For the Blockbuster-night afficionado, one of last year’s finest films has finally come out on video: Mulholland Drive.

A woman about to be murdered, a car crash that ironically is her saving grace, the headlights of the oncoming car illuminating her face…just perfect, fun, a rush – and then…the rest of the movie discounts that wonderful beginning and pretends like it didn’t happen.

The characters are always walking up garden pathways into secluded little bungalows that are reminiscent of fairy tales. The camera work during these scenes was nothing less than brilliant – somehow fluidly following the walkers through their garden and making these scenes come breathtakingly alive. David Lynch is saying we (as the audience) are being led down a garden path, and, as the old adage goes – he’s not going to let us in the garden (we’re never going to know what the movie’s about).

But then again, there is this strange idea that there is a plotline, an actual theme, some idea about doubling and reality versus non-reality and the hope for stardom in the glamorous yet frightening world of Hollywood.

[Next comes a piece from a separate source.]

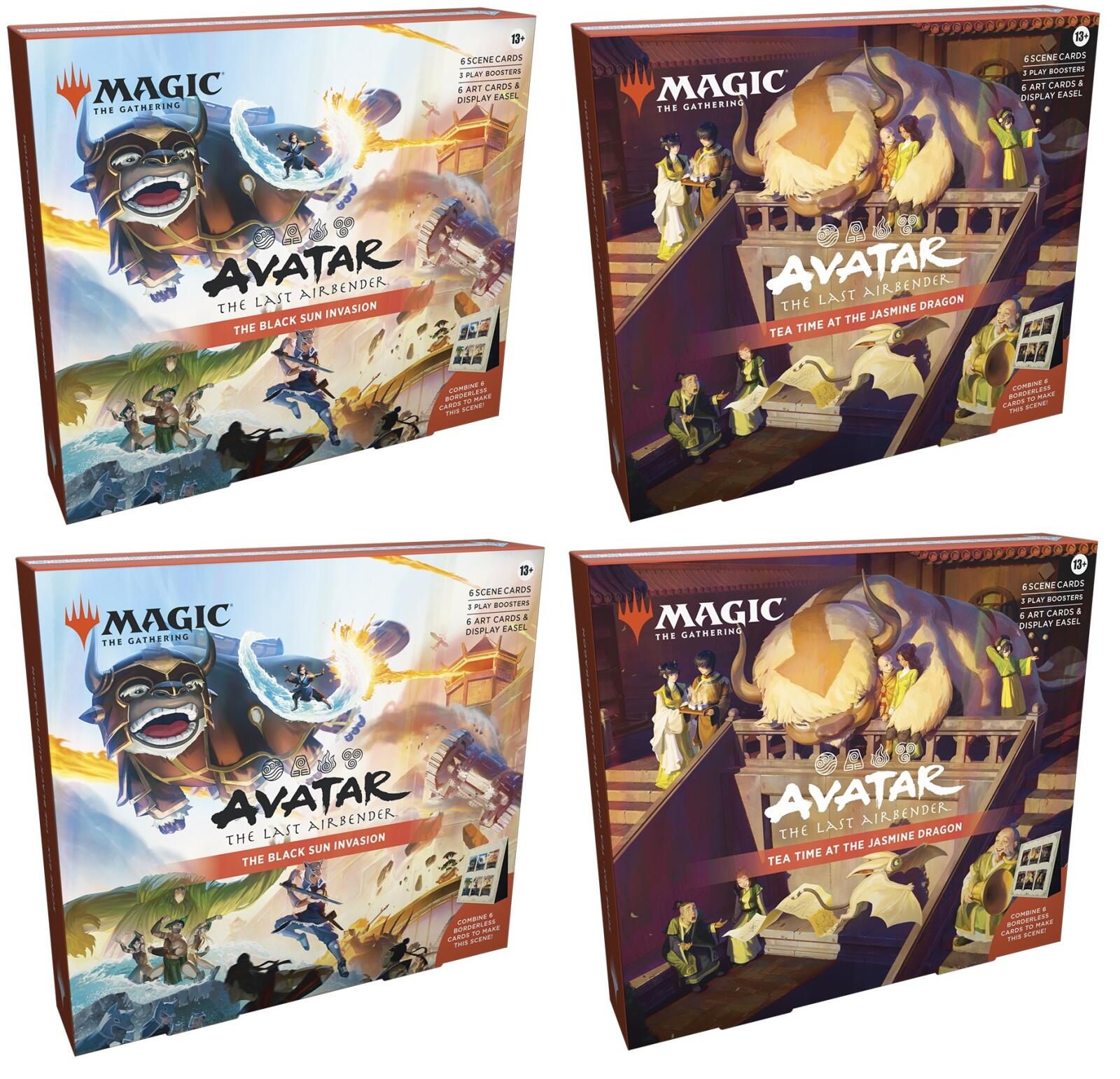 Magic the Gathering Avatar the Last Airbender  Scene Box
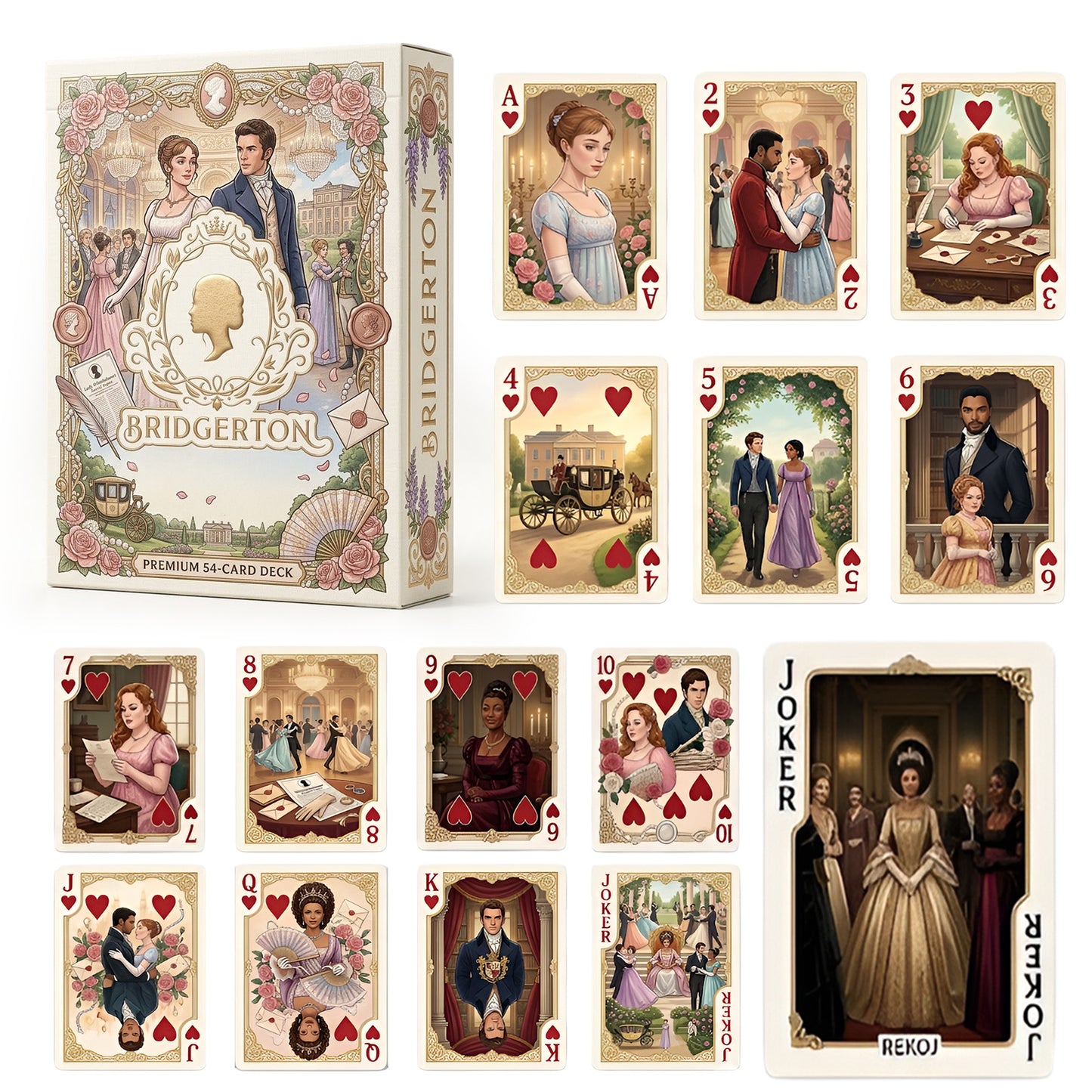 BGT Premium Playing Card Set TNSM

Our actress Betty is as fake as can be, except when she’s acting, and her wide-eyed, girl-next-door charm is countered by her bleak, final act schizophrenic meltdown. Is Betty part I some idealized version of life in Los Angeles for a hopeful actress, and Betty part II some sort of reality of what actually happens to a would-be-actress? And if so how does the lesbianism/other woman doubling fit into all of this mess?

And then there’s all those little mini-plots, scenes in which characters we don’t know deal with nightmares or shoot up a whole apartment complex. These scenes, as riveting as they are, don’t fit into the puzzle. But is that part of the puzzle? Is this whole movie a post-modern joke?

The oddest thing about sitting through Lynch’s megalomaniacal id-fest was being awe of every scene, every emotion, every strange, quirky character. How brilliant, how incredible, how imaginatively strange – yet how confusing. You want to open up Lynch’s head with a razor blade, take out the brain, shake it and hope some sort of blue box comes out with a key, turn the key, and all of a sudden the last act of the movie comes out, and it’s a whole lot different than the confusing jumble we are privy too.